Director Mel Gibson has announced that his upcoming film The Resurrection of the Christ has wrapped filming, with an expected release date of 2027.
Gibson revealed that, unlike The Passion of the Christ, which was released in 2004 on a $30 million budget and went on to gross more than $600 million worldwide, the sequel will have a budget of more than $250 million and will be released in two installments.
Jim Caviezel will not be returning as Jesus. The role has been recast with actor Jaakko Ohtonen (pictured below).

The film will also heavily feature CGI and special-effects shots, including depictions of the fall of the angels and Lucifer, the creation of the world, and Jesus in hell prior to his resurrection.It will conclude with the death of the last apostle.
Speaking about the film at a panel at Fan Expo Philadelphia, Gibson previously revealed:
It took me about eight years to write the script for the sequel, if we can call that The Resurrection of Christ, because it’s a very complex and almost impossible to understand subject, so that necessarily you have to underpin it with a great deal of all of salvation history and theology.
It was a very difficult thing to find and synthesize, because you have to understand, firstly, why it matters… You have to think, why is mankind so important in this process? Why are the big realms of good and evil slugging it up for the hearts and minds and souls of mankind? Why us? We’re just a bunch of f***ed up things. We’re imperfect.
You have to ask yourself, why are we important? Why are we making the sandwich? That whole huge story. And I think in order to understand that, you have to, you have to start with the fall of the angels in the firmament, before right at the beginning, is pretty crazy idea, what did that look like?
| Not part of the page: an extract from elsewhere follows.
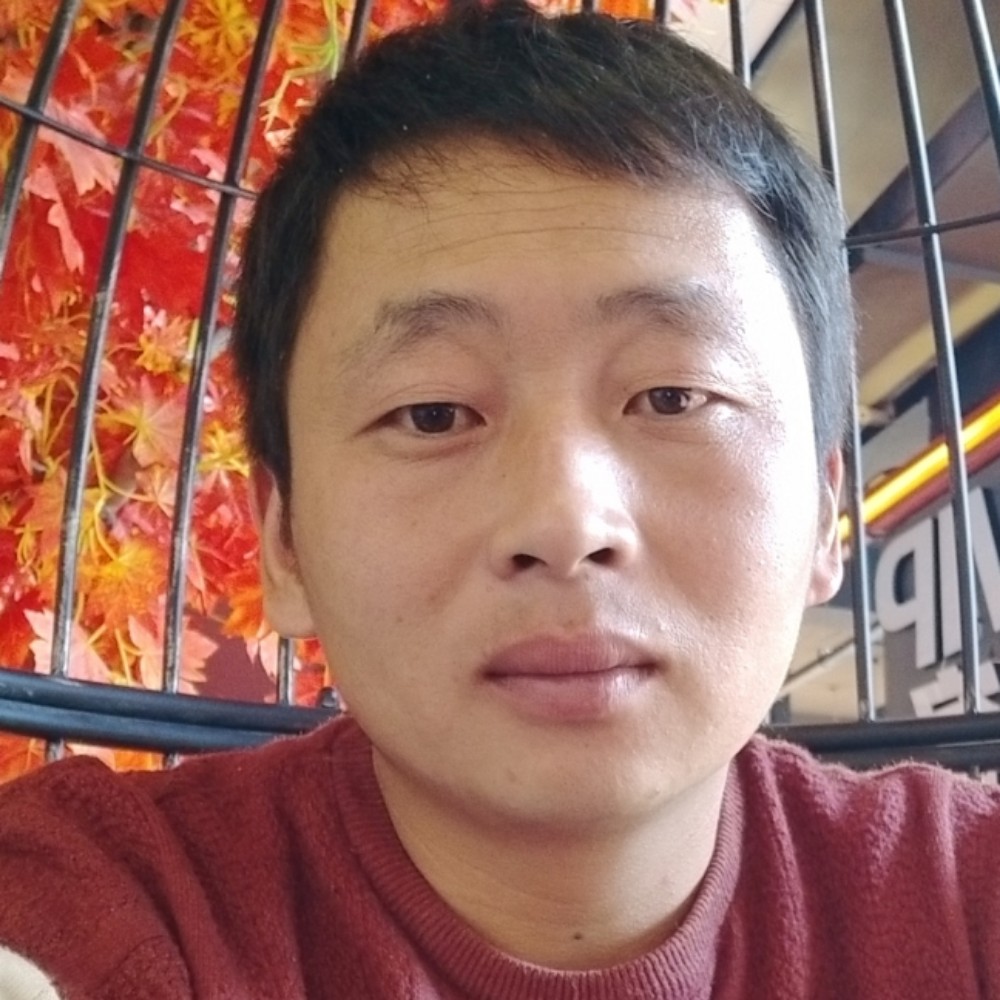 妩媚酒窝的照片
I know what it looks like. It’s not one film, it’s two films, because it’s massive.
While the first film covered the 12 hours leading up to his death, the sequel is expected to cover the days after his death, intercut with scenes from Jesus in Hell and the fall of Lucifer. Gibson previously noted:
It is such a massive undertaking that you can’t do it lightly and you can’t do it quickly. You have to really consider what it is that you need to show in order to be poignant. It can’t be linear; you have to have many things to juxtapose against one another even from different time periods in order to illustrate what something means in a more full way. And I think it’s going to be a real jigsaw puzzle to do.
And I have two scripts right, and one of them is very structured and a very strong script and kind of more what you’d expect. And the other is like an acid trip and because you’re going into other realms and stuff. I mean you’re in hell.. It’s like, you know, you’re watching the angels fall..”
Gibson also told Joe Rogan on his recent podcast appearance that the film would conclude with the death of the last apostle.
[The script is] an acid trip. I’ve never read anything like it. There’s some crazy stuff. In order to tell the story properly you have to start with the fall of the angels. You’re in another realm. You need to go Hell. You need to go to Sheol.
You got to have [Satan]s] origin. I have ideas about how to do that and how to evoke things about to depict that. I’ve been thinking about that for a long time. It’s going to require a lot of planning. I’m not sure I can pull it off. It’s super ambitious, but I’m going to take a crack at it … It’s about trying to find a way in that’s not cheesy or obvious. It’s almost like a magic trick. [The story] goes from the fall of the angels to the death of the last apostle.